According to KPMG’s ‘AI Quarterly Pulse Survey’, 65% of organisations surveyed in Q1 2025 said they were piloting AI agents, increasing from 37% the previous quarter.
According to Yohan Lobo, Senior Industry Solutions Manager at M-Files, before businesses rush to integrate agentic AI, they must first ensure they have an ordered, trustworthy bank of internal data for these tools to leverage.
Yohan said: “Exploration into agentic AI has gathered significant pace in recent months, with companies eager to benefit from the potential improvements in productivity and customer satisfaction this innovation is capable of delivering.
“AI agents are proving so popular because of the efficiency gains that can be achieved in both the front and back office. They can support employees with everyday tasks, picking up the burden of manual work and creating more time for staff to spend on activity that adds value.

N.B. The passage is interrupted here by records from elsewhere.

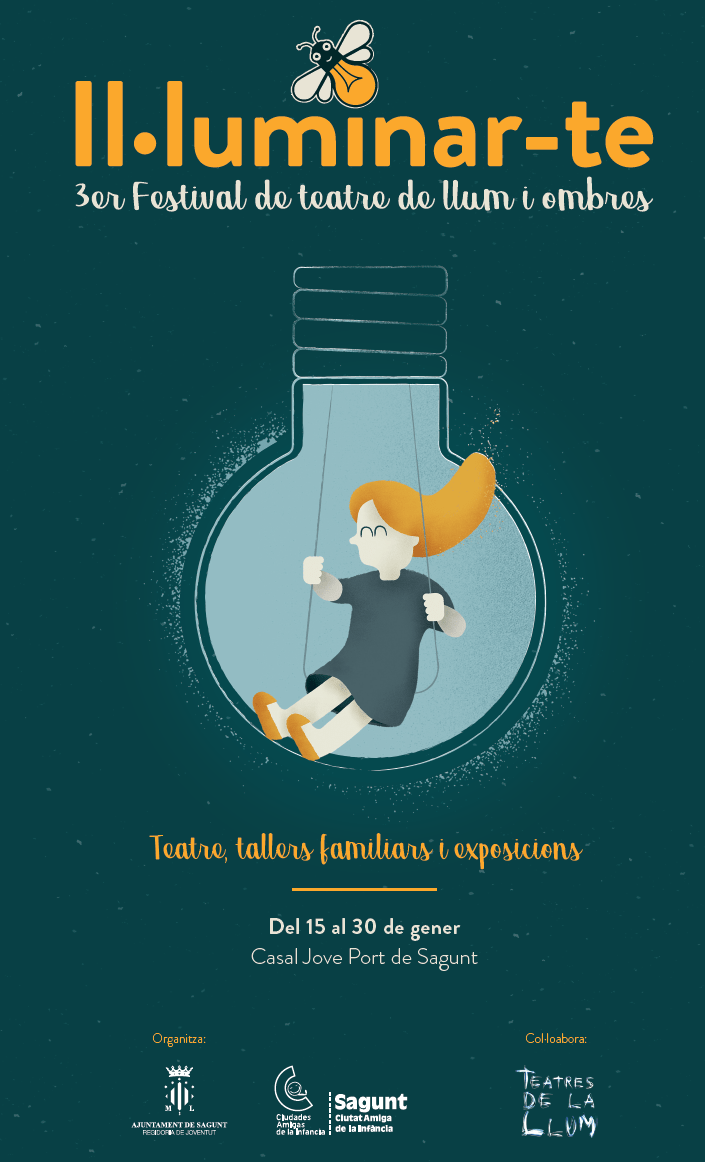 cartel iluminarte18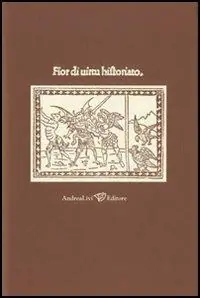 Bestseller Fior di virtu historiato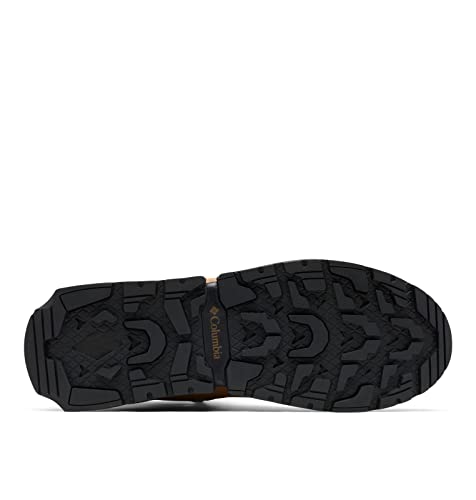 Image of Columbia Crestwood Mid Waterproof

“Additionally, agentic AI can be employed to streamline customer experience, responding to queries, reducing response times and offering user-specific personalisation. Organisations that implement this technology successfully on both these fronts will see considerable improvements in efficiency and quick return on investment.
“However, the integration of AI agents isn’t as simple as developing this technology or partnering with a vendor, then skipping straight to the deployment phase. If the data underpinning the AI tool isn’t ordered and cohesive, the agent will be unable to deliver trustworthy responses.
“Therefore, the first step for businesses considering how they can implement agentic AI is to conduct an audit of their data, identifying where the information at their disposal is fragmented and where they’re operating across disparate systems. Once this data has been carefully curated, organisations can begin to benefit from the potential of AI agents.
“People are referring to data as the modern equivalent of oil, but this digital fuel first needs to be refined before it can power new tools like agentic AI. Once the platform is set, the use cases are extensive. Take the insurance industry as an example. Here AI agents can handle a vast range of activity, from customer servicing to claims processing.”
Yohan concluded: “Agentic AI represents a host of possibilities capable of transforming business performance. The only way to access these improvements is to focus on data to ensure that these solutions are accurate and reliable. If not, employees and customers alike will neither trust, nor utilise AI agents.”